Tuesday, June 21, 2011

June 21 - First Day of Summer

No walks today - except to yoga teaching and back. Supposedly the temperature is in the upper 70's but there is a cool wind so it feels very comfortable. Still the wind is a detriment of sorts.

I teach yoga at the studio where I began practicing regularly. I'd been doing yoga on and off - mostly off - for over 20 years when I went there 17 years ago. I'd been trying my luck at the Great American Novel which called even my bluff on aloneness/solitude. So it was my great fortune that this studio had replaced an art gallery a few months earlier. Almost the first time I came for a class I encountered one of my primary teachers, Thomas Fortel. Because of the proximity of the studio - 4 blocks from my home - and Thomas I began to come often. Sometimes for 2-3 classes a day. After 7 years the studio offered a yoga teaching program. I'd been thinking of growing my practice and the teachers who were offering the program were some of my favorites (except for who Thomas had moved on to Esalen and international retreats), so I enrolled with no thought whatsoever of teaching. But when I finished I felt rather empty with no place to develop and pass on the teaching I'd learned, but conflicted because some nameless thing stood between me and actually teaching .

I began to realize I was right up against an unanticipated obstacle - fear of public speaking. I'd forgotten that I was uncomfortable speaking in front of groups - and that I wished this wasn't the case. So I began Toastmasters - a wonderful program that has helped many but wasn't for me. It seemed geared to business presentations and showmanship/artificiality - and actually made me more anxious. Then a friend/fellow trainee told me about a small, intimate program called Speaking Circles. I went to my first circle at a man's house not far from me - but far enough to drive - and met the founder/director, Lee Glickstein.
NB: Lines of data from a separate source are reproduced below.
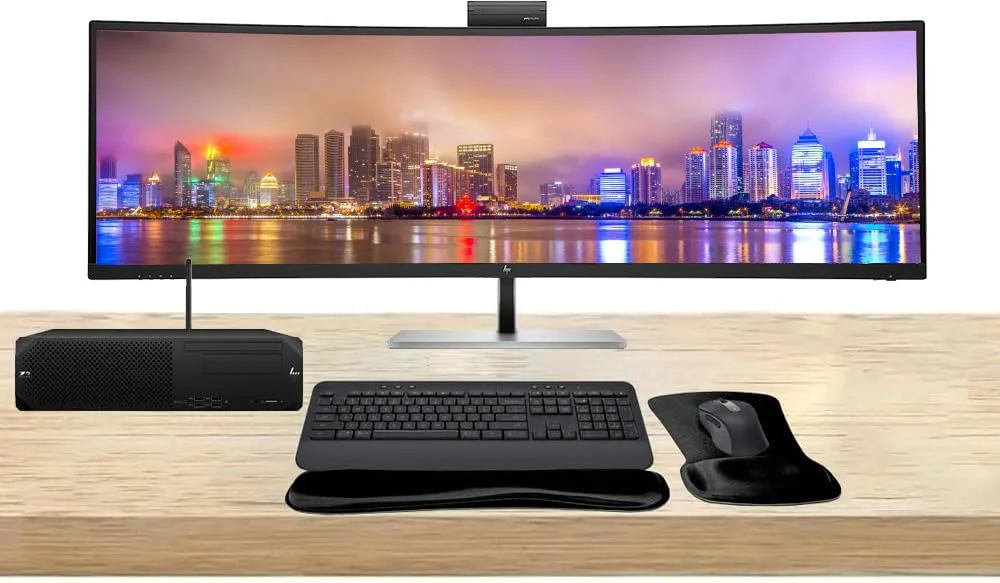 HP Z2 SFF G9 workstation with 49 inch curved monitor, wireless keyboard and mouse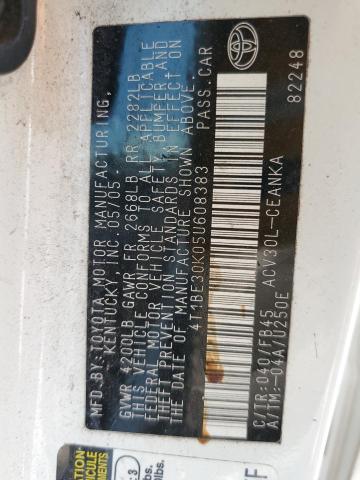 4T1BE30K05U608383 - 2005 TOYOTA CAMRY LE WHITE photo 12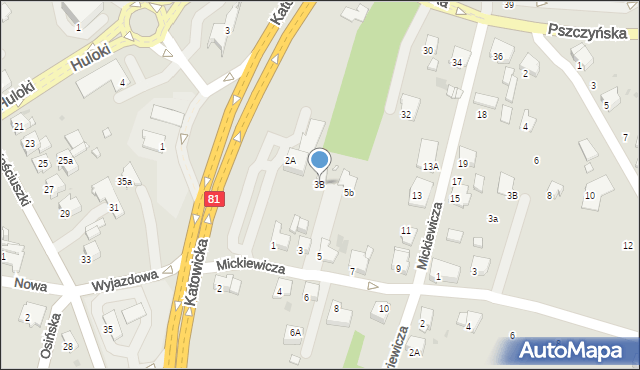 Żory, Mickiewicza Adama, 3B, mapa Żor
There were seven others present - and I believe the limit is/was eight so it was a full house. We were all quite and visibly nervous. Lee went to the front of the room and introduced the concept of Speaking Circles: Authenticity - stand up, look at someone, speak as if you're talking to that person, and just trust whatever comes out. Some people cried, others were entirely silent, others spoke haltingly, some were terrific, but turns out they had been attending the circles for years and still felt challenged in the Circles setting. Meanwhile after speaking (or crying or being silent) we were all videotaped and given feedback - Only Positive but also truthful. In this way we learned that we could survive anything, didn't need to plan ahead, could be authentic - and that just our authentic selves were interesting and enough. I went twice a week for several months - and after a while I worked up the courage to view my videos thus beginning to accept what I looked and sounded like (Scarey!!!). Finally I felt ready to dare to begin teaching yoga.

When I made this decision I spoke with the teacher of Thomas's old class - my first regular class - and learned he was just about to give up teaching it. He said he'd be happy to pass it on to me, and the studio was agreeable. And so I began my yoga teaching journey. The class is still active, and we begin our 8th year together in just a few weeks. This longevity was utterly unexpected - as has been virtually everything about my relationship with yoga.